Mucopolysaccharidosis IVA (Morquio syndrome type A) is a lysosomal storage disease produced by deficiency in the N-acetylgalactosamine-6-sulfate sulfatase (GALNS) enzyme, leading to lysosomal accumulation of keratan sulfate and chondroitin-6-sulfate. Although enzyme replacement therapy has shown impact in some disease manifestations, it has limited impact in bone and cardiac problems and requires a weekly infusion of the recombinant enzyme. The use of gene therapy represents an alternative that can help to overcome some of these current therapies limitations. In this work, we evaluated the use of lentiviral vectors to mediate the transduction of GALNS (lenti-GALNS) and SUMF1 (lenti-SUMF1) cDNAs to fibroblasts derived from three Morquio syndrome type A patients.
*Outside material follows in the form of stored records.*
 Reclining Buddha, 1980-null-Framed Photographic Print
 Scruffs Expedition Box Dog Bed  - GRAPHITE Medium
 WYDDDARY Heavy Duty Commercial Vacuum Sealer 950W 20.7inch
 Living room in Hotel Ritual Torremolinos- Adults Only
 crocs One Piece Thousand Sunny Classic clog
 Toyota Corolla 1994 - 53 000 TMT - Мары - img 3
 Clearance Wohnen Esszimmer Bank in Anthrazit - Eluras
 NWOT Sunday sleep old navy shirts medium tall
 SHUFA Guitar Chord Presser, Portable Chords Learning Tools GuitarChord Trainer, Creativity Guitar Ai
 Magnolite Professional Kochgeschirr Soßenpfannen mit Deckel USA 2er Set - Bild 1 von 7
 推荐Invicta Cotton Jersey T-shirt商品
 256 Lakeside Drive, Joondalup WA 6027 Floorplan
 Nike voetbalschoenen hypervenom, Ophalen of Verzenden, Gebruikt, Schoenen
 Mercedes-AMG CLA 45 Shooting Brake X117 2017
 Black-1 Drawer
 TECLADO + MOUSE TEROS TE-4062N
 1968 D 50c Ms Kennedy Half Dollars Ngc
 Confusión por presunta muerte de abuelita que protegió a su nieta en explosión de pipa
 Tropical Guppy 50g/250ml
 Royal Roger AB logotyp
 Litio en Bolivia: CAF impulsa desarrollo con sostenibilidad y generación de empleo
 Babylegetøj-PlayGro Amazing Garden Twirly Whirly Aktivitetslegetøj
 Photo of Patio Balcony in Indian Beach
Vector transduction was monitored by intra and extracellular GALNS activity, lysosomal mass by LysoTracker staining, and autophagy evaluation by monitoring p62 and LC3B. The results showed an increase in GALNS activity after lenti-GALNS transduction and, in some cases, a higher increase after lenti-SUMF1 co-transduction. We observed a wide cell-to-cell variation in GALNS activity, with fibroblasts with severe mutations showing a higher increase in enzyme activity. In addition, we observed that high vector titers and co-transduction with lenti-SUMF1 showed a deleterious effect in GALNS activity in some treated fibroblasts. Noteworthy, it was observed that the treatment with the lentiviral vectors allowed a reduction in lysosomal mass, as observed by changes in the LysoTracker staining, and a change in the autophagy biomarkers p62 and LC3B. Overall, this study offers valuable data towards the use of lentiviral vectors as tools for the design of a gene therapy strategy for Morquio syndrome type A patients, and shows the first evidence of the autophagy impairment in Morquio syndrome type A fibroblasts.